*MATERIAL PROVIDED*:

-- Opening Marker --

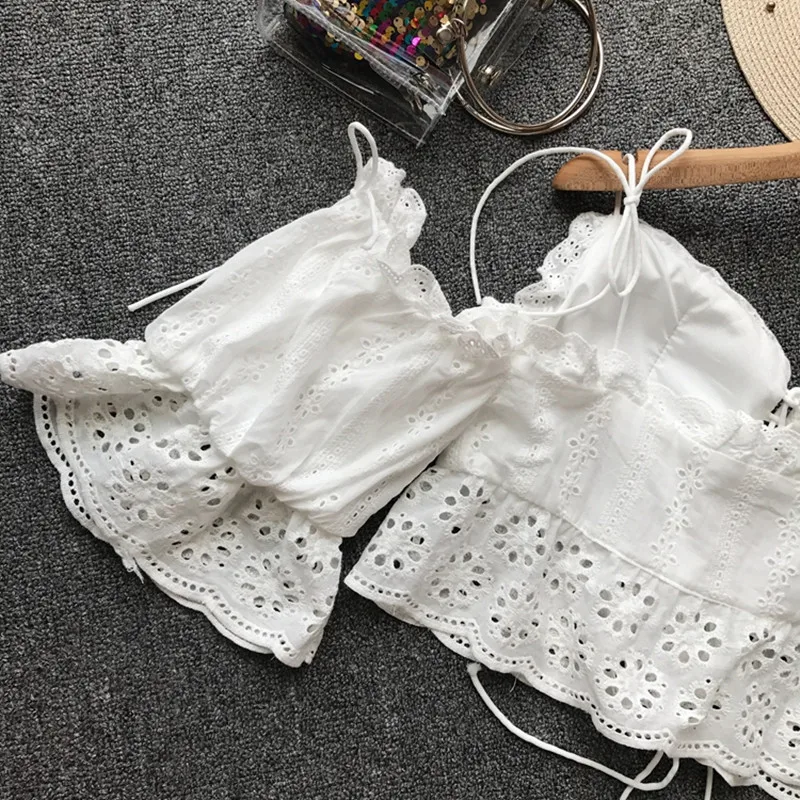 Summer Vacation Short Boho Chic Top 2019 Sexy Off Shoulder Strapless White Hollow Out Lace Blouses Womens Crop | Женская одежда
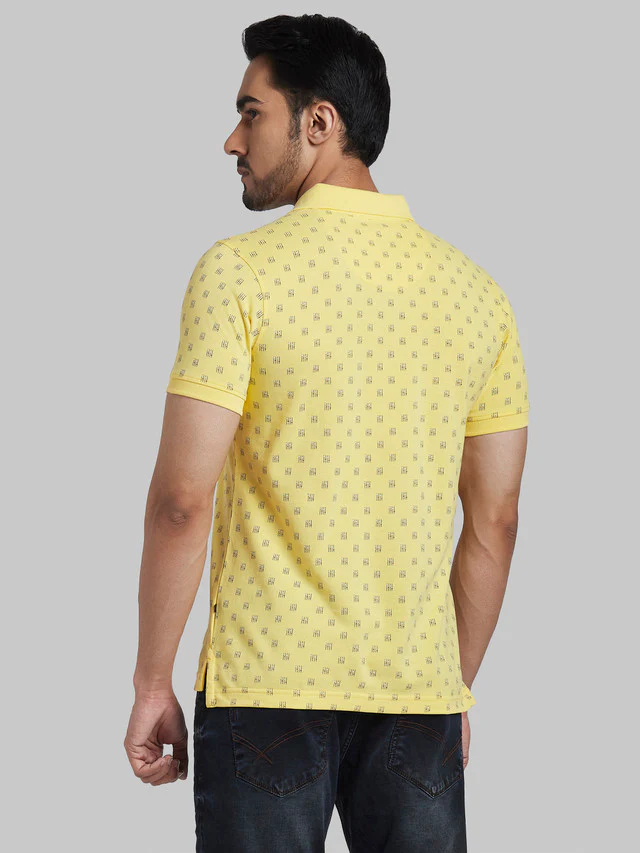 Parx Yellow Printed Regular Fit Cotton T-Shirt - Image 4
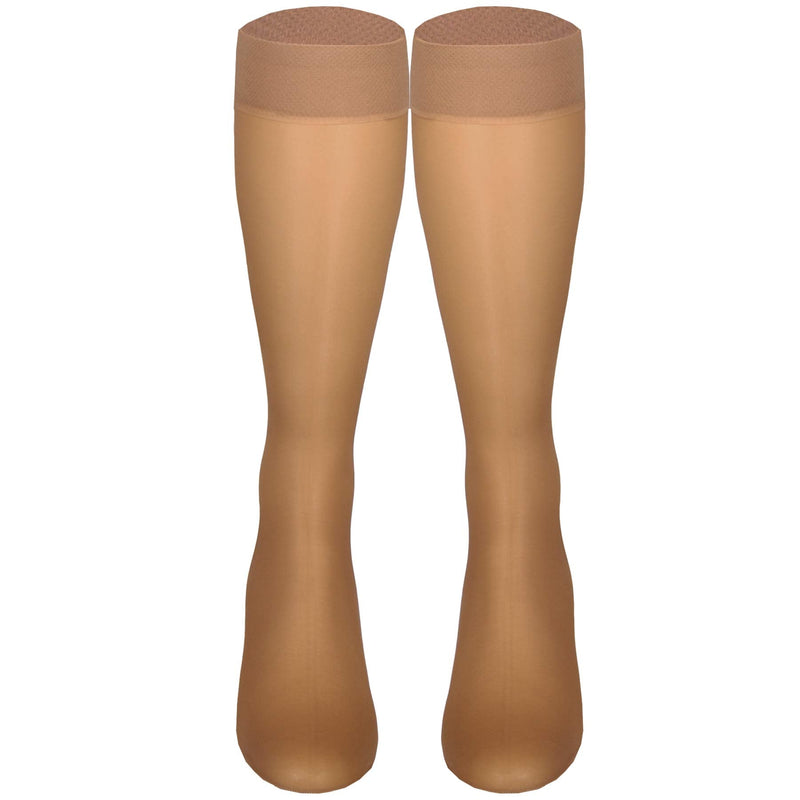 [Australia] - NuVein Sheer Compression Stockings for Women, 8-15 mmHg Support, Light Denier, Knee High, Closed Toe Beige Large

-- Closing Marker --

*WORK TO COMPLETE*:
Word for word, output the whole listing, but not its pictures.

*COMPLETED EXERCISE*:
 Summer Vacation Short Boho Chic Top 2019 Sexy Off Shoulder Strapless White Hollow Out Lace Blouses Womens Crop | Женская одежда
 Parx Yellow Printed Regular Fit Cotton T-Shirt - Image 4
 [Australia] - NuVein Sheer Compression Stockings for Women, 8-15 mmHg Support, Light Denier, Knee High, Closed Toe Beige Large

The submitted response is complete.